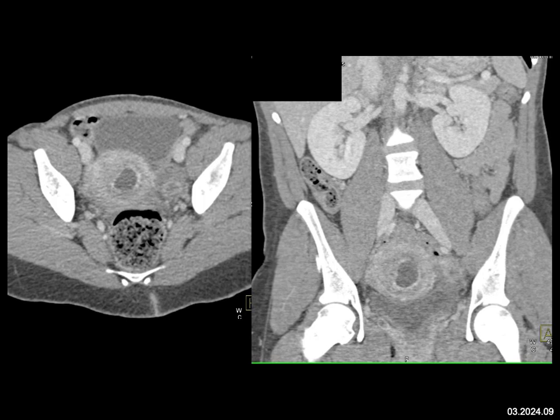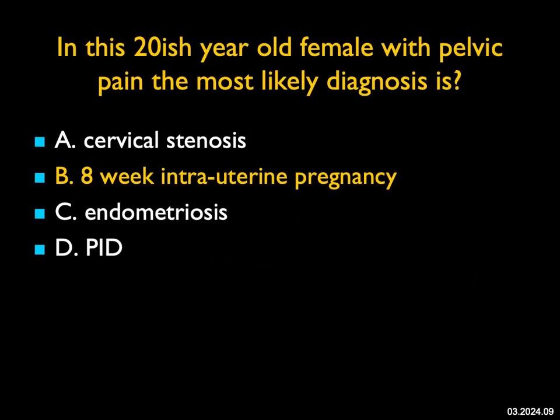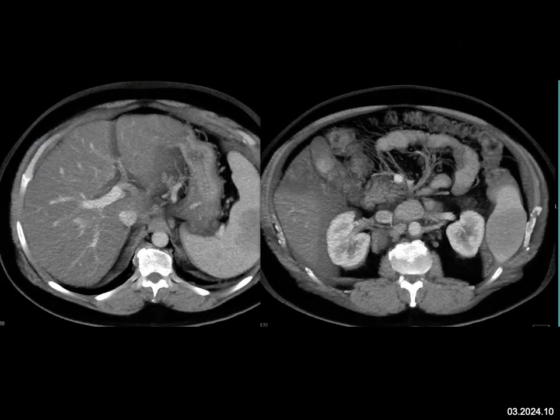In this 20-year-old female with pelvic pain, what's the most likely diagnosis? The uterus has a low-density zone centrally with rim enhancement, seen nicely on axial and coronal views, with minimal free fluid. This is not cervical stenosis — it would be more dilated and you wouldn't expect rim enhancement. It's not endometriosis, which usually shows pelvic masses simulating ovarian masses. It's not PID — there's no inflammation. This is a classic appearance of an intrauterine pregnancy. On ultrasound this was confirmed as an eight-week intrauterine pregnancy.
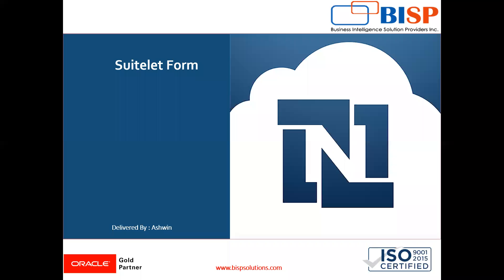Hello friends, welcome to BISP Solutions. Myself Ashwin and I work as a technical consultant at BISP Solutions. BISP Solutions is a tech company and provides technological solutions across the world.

=======

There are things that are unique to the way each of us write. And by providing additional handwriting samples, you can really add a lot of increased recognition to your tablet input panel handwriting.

=======

● **Task to carry out**: Everything from the line with "In this 20-year-old" through the line with "Hello friends, welcome" in the material above should be transcribed exactly, except the pictures.

● **Solution for this task**:
In this 20-year-old female with pelvic pain, what's the most likely diagnosis? The uterus has a low-density zone centrally with rim enhancement, seen nicely on axial and coronal views, with minimal free fluid. This is not cervical stenosis — it would be more dilated and you wouldn't expect rim enhancement. It's not endometriosis, which usually shows pelvic masses simulating ovarian masses. It's not PID — there's no inflammation. This is a classic appearance of an intrauterine pregnancy. On ultrasound this was confirmed as an eight-week intrauterine pregnancy.
Hello friends, welcome to BISP Solutions. Myself Ashwin and I work as a technical consultant at BISP Solutions. BISP Solutions is a tech company and provides technological solutions across the world.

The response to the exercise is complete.